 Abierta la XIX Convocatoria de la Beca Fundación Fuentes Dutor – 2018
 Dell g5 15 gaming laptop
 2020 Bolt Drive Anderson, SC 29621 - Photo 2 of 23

^^^^^^^^

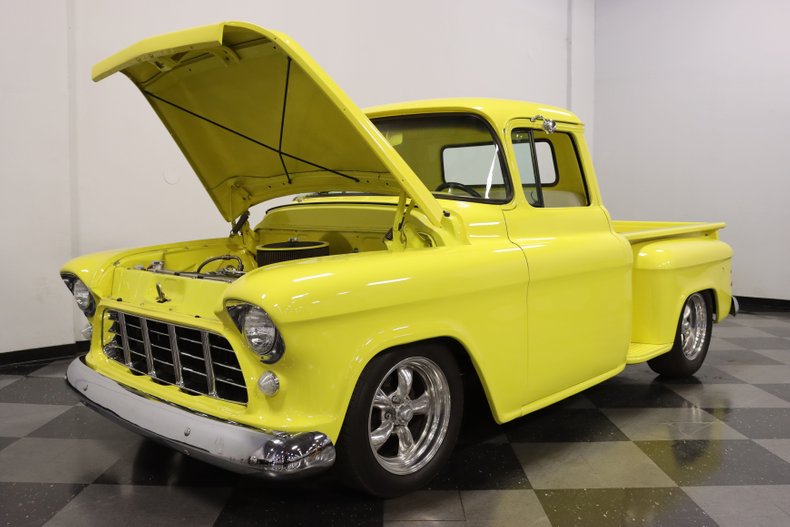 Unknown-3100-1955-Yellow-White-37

^^^^^^^^

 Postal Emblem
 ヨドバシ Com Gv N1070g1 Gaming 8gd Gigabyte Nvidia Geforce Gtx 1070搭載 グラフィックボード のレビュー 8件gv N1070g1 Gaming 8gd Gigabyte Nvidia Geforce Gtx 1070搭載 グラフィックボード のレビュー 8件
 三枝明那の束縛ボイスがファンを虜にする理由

^^^^^^^^

## [Problem statement]
From the records above, print exactly the lines that run from the line with "ヨドバシ Com Gv" to the line with "三枝明那の束縛ボイスがファンを虜にする理由", inclusive.

## [Answer space]
 ヨドバシ Com Gv N1070g1 Gaming 8gd Gigabyte Nvidia Geforce Gtx 1070搭載 グラフィックボード のレビュー 8件gv N1070g1 Gaming 8gd Gigabyte Nvidia Geforce Gtx 1070搭載 グラフィックボード のレビュー 8件
 三枝明那の束縛ボイスがファンを虜にする理由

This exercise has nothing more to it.